WASHINGTON — It's formal name is Xylazine – an FDA approved drug for animals only and tranquilizer now showing up in street drugs for its ability to lower a person's heart rate and increase the high from opioids.
"It's most commonly mixed with fentanyl, which can lead to more intense but shorter effects than heroin," said Emily Keller, the new Special Secretary of Opioid Response for Gov. Wes Moore (D-MD).
Keller says Xylazine has made its way into Maryland drugs, often without those using other drugs knowing they are laced with it.
"I think that's the big concern right now. I think a lot of people don't realize what is in the illicit drug supply," said Keller.
Which can be deadly because opioid counter acting drugs like Narcan don't work on Xylazine.
And then there is the side effect that gives the drug its other name - the "Zombie" drug – flesh destroying wounds that develop when the drug is injected.
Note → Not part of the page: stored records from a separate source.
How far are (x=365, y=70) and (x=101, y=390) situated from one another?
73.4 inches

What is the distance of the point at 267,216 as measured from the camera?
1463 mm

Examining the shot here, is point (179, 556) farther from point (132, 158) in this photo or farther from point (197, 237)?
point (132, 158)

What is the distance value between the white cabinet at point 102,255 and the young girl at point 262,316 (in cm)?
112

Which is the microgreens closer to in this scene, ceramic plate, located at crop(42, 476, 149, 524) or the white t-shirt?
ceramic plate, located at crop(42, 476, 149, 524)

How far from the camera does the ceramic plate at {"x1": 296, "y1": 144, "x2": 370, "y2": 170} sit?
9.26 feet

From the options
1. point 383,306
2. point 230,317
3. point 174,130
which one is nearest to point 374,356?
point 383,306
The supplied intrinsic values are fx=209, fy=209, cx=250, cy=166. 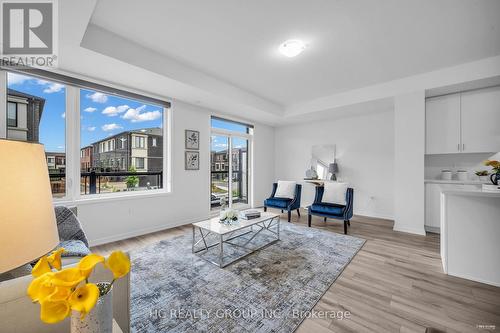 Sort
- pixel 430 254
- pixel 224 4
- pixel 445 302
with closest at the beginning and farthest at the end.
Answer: pixel 445 302 → pixel 224 4 → pixel 430 254

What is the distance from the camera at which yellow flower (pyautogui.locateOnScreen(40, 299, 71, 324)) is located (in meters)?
0.52

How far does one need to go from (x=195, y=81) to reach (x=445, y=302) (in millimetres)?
4087

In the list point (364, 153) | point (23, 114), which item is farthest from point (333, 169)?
point (23, 114)

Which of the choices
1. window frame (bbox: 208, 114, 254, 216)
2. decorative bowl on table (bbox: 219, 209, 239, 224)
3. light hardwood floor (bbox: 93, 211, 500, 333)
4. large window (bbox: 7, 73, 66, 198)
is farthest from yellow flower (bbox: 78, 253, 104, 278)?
window frame (bbox: 208, 114, 254, 216)

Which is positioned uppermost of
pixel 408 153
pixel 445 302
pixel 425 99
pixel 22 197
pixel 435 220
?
pixel 425 99

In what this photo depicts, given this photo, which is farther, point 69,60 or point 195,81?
point 195,81

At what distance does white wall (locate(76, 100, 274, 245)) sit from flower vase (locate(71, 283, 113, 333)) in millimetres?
3119

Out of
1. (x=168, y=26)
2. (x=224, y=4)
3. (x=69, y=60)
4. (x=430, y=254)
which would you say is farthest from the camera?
(x=430, y=254)

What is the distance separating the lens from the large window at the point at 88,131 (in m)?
2.79

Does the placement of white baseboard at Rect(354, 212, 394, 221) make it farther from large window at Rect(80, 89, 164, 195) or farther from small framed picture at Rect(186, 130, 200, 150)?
large window at Rect(80, 89, 164, 195)

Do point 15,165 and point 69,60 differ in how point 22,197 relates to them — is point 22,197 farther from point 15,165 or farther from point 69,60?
point 69,60

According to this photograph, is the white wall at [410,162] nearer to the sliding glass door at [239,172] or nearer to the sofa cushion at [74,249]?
the sliding glass door at [239,172]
"They can be very bad and they can go the whole way down to the bone," said Keller. "And, it's not always at the injection site. It can show up anywhere on your body, so, it is pretty scary," she said.
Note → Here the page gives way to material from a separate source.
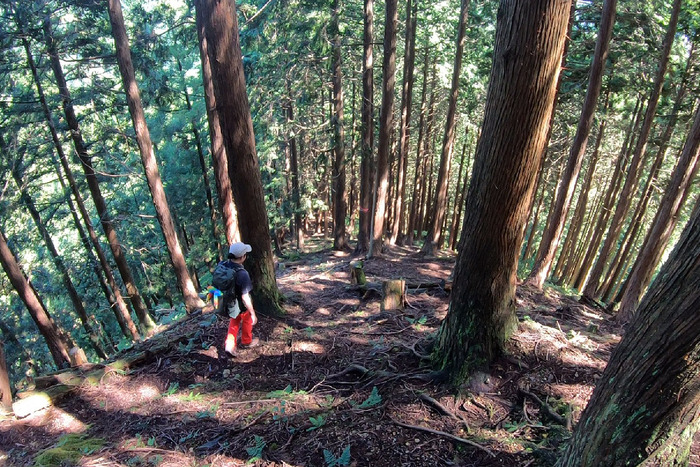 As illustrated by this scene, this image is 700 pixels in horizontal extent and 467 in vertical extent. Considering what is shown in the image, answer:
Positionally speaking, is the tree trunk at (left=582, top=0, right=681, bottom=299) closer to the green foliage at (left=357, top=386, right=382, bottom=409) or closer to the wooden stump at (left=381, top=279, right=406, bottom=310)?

"This is alarming because if you look at someone who has a very serious wound and they're ready to go get treatment, you have to treat their wounds now," Keller said.
The state of Maryland recently started a Xylazine task force that is tracking how widespread the drug's presence is and expected to release a report in the coming weeks. Health officials hope that data will help them come up with a strategy for dealing with this new problem.
Early this week the FDA said it is taking action to restrict unlawful importing of the veterinary drug.